For the data below, restate word for word only the lines from the line containing "国内首台无人综合防疫车现身广州，一车多用：可消毒可广播还能监测体温" through the line containing "Книга Математика. Информатика.", both ends included.
### Information shown
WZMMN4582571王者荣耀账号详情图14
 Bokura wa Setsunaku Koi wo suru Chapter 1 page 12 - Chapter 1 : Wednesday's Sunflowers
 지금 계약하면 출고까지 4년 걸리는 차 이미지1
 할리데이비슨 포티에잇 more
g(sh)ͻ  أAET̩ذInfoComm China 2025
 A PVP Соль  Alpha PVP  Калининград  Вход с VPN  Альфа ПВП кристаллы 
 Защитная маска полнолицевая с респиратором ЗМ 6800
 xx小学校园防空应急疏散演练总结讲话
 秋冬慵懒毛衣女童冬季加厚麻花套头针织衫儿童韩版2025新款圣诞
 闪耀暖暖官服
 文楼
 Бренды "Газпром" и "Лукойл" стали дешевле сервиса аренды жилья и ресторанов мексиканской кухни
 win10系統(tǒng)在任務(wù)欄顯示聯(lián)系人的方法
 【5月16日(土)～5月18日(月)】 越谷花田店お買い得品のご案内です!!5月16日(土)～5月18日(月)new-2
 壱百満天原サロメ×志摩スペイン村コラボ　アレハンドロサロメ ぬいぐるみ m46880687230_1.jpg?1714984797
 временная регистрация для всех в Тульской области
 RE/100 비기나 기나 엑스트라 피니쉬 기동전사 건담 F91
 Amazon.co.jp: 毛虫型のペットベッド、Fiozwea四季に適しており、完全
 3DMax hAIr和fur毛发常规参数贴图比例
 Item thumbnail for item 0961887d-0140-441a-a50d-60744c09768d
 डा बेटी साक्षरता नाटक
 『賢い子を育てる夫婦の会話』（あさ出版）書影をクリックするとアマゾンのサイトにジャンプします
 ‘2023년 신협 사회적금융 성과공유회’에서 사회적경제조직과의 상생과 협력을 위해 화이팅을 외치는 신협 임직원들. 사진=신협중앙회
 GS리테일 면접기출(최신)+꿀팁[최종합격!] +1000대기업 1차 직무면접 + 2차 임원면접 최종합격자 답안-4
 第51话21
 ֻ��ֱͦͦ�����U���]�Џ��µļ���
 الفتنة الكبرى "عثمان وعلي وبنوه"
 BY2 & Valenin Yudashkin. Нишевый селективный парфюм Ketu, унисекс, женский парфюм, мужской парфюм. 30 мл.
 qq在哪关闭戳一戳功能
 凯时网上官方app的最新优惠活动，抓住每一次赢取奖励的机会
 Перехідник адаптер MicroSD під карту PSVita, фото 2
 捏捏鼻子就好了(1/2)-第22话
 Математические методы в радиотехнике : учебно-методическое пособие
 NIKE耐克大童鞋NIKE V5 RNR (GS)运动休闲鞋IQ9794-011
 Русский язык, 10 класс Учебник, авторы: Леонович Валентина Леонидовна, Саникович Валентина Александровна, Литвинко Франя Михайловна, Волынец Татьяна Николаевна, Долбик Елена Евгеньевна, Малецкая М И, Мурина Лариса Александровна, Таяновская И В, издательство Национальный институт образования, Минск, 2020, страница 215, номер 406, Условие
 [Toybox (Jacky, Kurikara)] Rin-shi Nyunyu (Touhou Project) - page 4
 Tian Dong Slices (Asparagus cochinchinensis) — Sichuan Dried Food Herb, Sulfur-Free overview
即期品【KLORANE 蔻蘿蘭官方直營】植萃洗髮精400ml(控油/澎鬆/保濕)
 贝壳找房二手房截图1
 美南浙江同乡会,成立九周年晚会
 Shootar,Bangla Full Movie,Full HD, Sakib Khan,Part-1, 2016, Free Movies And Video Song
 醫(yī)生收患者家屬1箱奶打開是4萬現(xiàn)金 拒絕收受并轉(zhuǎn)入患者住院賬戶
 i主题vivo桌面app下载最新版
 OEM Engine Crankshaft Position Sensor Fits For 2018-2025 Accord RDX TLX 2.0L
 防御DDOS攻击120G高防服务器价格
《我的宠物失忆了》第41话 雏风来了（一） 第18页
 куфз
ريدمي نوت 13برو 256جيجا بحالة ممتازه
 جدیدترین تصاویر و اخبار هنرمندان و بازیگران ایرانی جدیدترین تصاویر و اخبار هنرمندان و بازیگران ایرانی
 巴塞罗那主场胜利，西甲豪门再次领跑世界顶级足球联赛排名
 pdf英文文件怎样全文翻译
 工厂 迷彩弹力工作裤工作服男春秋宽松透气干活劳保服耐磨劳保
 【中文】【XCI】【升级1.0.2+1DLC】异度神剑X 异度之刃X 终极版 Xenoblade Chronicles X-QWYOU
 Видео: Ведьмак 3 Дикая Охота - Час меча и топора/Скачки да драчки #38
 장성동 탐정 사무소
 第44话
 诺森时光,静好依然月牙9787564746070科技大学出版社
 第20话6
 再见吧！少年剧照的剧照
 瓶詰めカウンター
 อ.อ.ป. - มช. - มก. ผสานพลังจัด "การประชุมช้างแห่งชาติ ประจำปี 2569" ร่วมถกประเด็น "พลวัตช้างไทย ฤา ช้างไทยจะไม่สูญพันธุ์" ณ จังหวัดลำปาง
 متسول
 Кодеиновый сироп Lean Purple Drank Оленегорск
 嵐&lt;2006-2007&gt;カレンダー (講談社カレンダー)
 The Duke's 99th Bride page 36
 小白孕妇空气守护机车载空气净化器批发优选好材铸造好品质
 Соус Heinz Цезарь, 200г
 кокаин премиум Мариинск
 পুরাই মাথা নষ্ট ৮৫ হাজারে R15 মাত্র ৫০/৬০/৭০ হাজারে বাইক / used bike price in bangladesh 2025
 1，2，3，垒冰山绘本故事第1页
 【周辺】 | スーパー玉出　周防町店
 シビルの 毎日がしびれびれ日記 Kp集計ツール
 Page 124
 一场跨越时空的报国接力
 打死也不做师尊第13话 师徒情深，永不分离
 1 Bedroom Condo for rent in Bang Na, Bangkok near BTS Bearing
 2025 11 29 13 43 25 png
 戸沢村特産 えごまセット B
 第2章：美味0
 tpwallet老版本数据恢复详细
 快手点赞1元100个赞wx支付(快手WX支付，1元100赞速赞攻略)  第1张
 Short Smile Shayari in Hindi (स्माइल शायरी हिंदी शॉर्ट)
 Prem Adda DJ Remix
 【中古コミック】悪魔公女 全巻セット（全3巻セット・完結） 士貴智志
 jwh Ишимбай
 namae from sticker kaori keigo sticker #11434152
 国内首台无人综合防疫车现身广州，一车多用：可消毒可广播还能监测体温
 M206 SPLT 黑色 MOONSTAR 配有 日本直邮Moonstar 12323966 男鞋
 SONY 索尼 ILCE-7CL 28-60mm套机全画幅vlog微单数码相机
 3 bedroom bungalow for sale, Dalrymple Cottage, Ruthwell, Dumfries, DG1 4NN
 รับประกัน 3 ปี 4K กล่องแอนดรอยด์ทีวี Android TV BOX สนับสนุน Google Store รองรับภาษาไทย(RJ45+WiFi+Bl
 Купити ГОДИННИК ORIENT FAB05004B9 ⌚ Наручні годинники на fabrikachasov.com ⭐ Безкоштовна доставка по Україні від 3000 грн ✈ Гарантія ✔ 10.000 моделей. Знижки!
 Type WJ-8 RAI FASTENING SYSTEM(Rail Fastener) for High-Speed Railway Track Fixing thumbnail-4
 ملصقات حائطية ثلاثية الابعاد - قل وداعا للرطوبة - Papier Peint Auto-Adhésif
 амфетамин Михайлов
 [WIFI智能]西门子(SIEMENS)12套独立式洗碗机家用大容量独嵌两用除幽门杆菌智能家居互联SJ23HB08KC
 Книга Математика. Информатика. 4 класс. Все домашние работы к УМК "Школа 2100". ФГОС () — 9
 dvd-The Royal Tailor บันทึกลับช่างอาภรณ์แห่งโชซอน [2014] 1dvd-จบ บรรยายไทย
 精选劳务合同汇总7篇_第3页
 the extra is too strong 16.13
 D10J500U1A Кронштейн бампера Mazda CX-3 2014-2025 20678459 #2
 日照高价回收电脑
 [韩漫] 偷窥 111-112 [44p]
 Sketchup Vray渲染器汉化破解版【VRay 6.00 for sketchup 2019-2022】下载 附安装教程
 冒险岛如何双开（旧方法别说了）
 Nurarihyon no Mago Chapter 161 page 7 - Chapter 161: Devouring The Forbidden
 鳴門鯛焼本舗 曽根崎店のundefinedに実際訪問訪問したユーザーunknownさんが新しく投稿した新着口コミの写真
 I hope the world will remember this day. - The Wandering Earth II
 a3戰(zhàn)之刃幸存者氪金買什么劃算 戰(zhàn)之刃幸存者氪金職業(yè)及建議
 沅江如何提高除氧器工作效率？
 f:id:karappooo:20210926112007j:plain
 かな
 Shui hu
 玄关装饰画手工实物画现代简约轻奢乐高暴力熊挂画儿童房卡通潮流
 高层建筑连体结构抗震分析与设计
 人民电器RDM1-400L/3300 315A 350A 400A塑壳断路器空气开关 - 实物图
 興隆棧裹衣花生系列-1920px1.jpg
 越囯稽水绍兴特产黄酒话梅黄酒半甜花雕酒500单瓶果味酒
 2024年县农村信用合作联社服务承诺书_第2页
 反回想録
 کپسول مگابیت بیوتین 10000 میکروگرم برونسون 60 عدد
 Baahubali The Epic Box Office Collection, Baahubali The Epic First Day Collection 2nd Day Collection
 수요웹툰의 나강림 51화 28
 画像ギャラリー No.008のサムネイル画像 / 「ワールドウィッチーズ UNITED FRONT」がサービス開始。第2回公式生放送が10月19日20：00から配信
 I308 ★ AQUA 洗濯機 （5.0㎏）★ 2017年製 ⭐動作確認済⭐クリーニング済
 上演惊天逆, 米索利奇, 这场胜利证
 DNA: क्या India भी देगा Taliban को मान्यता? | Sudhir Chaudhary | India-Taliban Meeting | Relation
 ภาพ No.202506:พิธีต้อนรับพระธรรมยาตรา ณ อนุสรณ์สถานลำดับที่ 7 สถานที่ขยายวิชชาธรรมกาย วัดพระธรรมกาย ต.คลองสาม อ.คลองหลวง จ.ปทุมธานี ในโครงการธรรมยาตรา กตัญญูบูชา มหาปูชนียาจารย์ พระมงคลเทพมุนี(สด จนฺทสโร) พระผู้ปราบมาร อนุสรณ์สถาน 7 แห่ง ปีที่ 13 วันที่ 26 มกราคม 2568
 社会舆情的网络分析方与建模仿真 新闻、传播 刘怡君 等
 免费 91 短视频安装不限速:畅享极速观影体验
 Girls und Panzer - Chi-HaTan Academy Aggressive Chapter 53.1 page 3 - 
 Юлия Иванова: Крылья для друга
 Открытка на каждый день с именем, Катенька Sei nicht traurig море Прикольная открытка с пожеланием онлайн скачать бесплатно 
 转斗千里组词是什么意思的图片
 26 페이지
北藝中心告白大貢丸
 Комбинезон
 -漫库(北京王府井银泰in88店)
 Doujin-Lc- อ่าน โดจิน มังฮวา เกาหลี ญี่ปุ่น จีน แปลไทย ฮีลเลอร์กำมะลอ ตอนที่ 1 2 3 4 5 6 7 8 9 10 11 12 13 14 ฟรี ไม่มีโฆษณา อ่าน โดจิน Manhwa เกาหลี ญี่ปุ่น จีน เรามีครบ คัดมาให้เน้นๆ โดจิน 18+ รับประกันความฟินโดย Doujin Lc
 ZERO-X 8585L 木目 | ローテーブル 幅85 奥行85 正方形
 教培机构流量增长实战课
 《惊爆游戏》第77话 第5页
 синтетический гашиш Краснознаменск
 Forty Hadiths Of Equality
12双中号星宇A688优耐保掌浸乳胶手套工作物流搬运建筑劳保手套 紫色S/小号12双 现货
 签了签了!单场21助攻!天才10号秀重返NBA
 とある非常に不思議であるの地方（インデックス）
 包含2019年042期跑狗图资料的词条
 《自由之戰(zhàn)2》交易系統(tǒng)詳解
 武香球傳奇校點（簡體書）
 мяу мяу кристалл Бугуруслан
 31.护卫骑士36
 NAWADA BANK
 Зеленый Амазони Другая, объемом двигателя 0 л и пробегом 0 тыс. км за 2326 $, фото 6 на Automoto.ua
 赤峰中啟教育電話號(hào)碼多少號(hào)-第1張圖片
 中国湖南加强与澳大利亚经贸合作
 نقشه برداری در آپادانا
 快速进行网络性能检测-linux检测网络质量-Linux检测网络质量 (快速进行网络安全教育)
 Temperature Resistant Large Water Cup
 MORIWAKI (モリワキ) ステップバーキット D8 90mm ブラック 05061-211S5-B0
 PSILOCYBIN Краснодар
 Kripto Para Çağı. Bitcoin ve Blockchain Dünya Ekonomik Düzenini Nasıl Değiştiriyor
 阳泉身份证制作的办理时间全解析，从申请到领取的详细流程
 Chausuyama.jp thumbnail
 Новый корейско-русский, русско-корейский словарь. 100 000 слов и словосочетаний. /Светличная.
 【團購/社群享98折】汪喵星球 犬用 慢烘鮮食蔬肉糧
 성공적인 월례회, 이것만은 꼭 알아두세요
######
Result for this exercise:
 国内首台无人综合防疫车现身广州，一车多用：可消毒可广播还能监测体温
 M206 SPLT 黑色 MOONSTAR 配有 日本直邮Moonstar 12323966 男鞋
 SONY 索尼 ILCE-7CL 28-60mm套机全画幅vlog微单数码相机
 3 bedroom bungalow for sale, Dalrymple Cottage, Ruthwell, Dumfries, DG1 4NN
 รับประกัน 3 ปี 4K กล่องแอนดรอยด์ทีวี Android TV BOX สนับสนุน Google Store รองรับภาษาไทย(RJ45+WiFi+Bl
 Купити ГОДИННИК ORIENT FAB05004B9 ⌚ Наручні годинники на fabrikachasov.com ⭐ Безкоштовна доставка по Україні від 3000 грн ✈ Гарантія ✔ 10.000 моделей. Знижки!
 Type WJ-8 RAI FASTENING SYSTEM(Rail Fastener) for High-Speed Railway Track Fixing thumbnail-4
 ملصقات حائطية ثلاثية الابعاد - قل وداعا للرطوبة - Papier Peint Auto-Adhésif
 амфетамин Михайлов
 [WIFI智能]西门子(SIEMENS)12套独立式洗碗机家用大容量独嵌两用除幽门杆菌智能家居互联SJ23HB08KC
 Книга Математика. Информатика. 4 класс. Все домашние работы к УМК "Школа 2100". ФГОС () — 9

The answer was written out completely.